» **Action item**
Your job is to set down the stretch of entries that opens with the line containing "ドライポリアンサンブルPOシャツ(S) | WEGO【MEN】 | 詳細画像12" and closes with the line containing "Titleist T350 2025". Keep both end lines, copy each exactly, and add nothing.
─── Supplied material ───
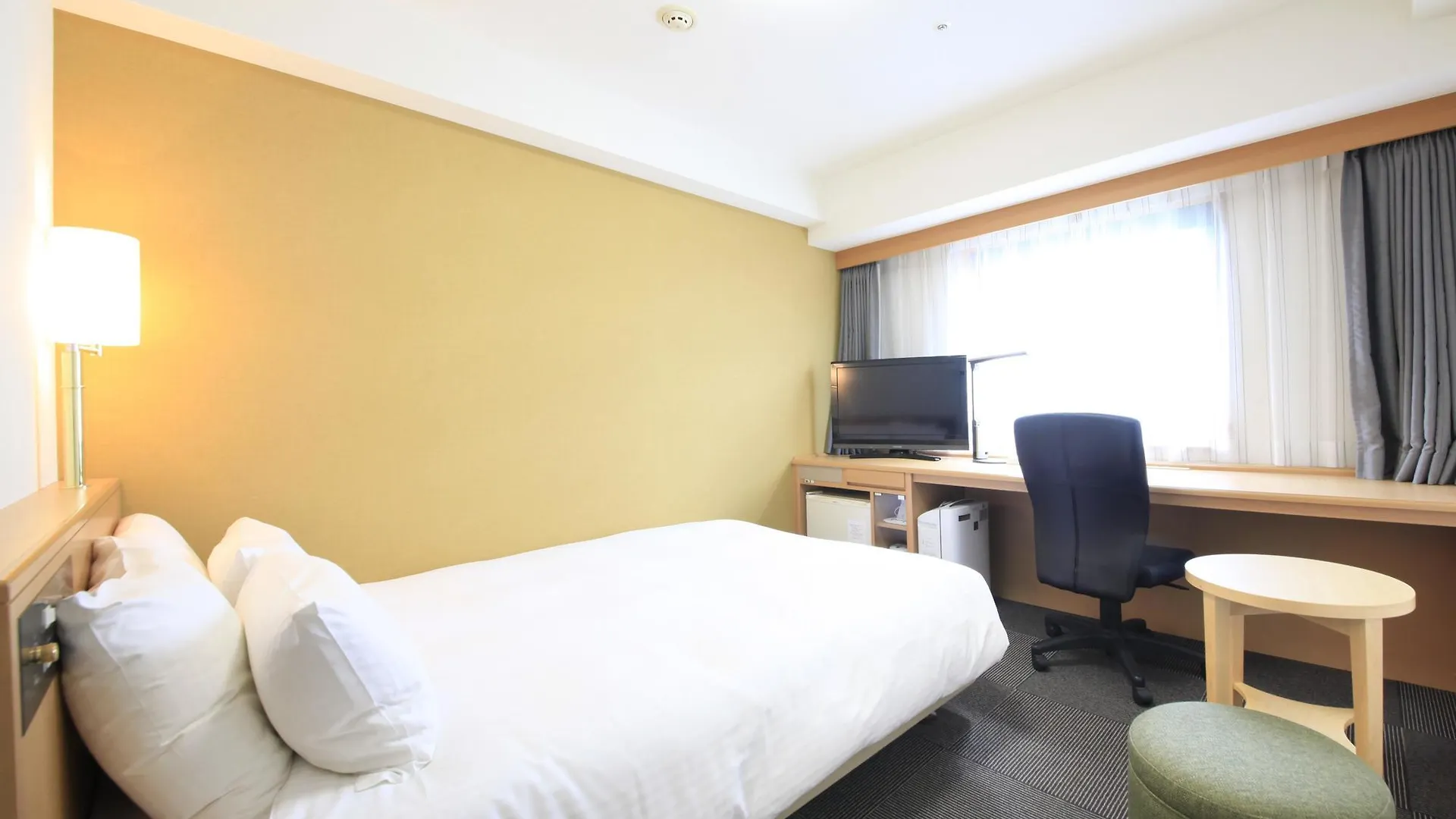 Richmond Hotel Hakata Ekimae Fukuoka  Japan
───
─── Supplied material ───
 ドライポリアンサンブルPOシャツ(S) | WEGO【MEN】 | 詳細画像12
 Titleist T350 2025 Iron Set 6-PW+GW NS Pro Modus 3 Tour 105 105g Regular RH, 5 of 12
───
» **Reply**
 ドライポリアンサンブルPOシャツ(S) | WEGO【MEN】 | 詳細画像12
 Titleist T350 2025 Iron Set 6-PW+GW NS Pro Modus 3 Tour 105 105g Regular RH, 5 of 12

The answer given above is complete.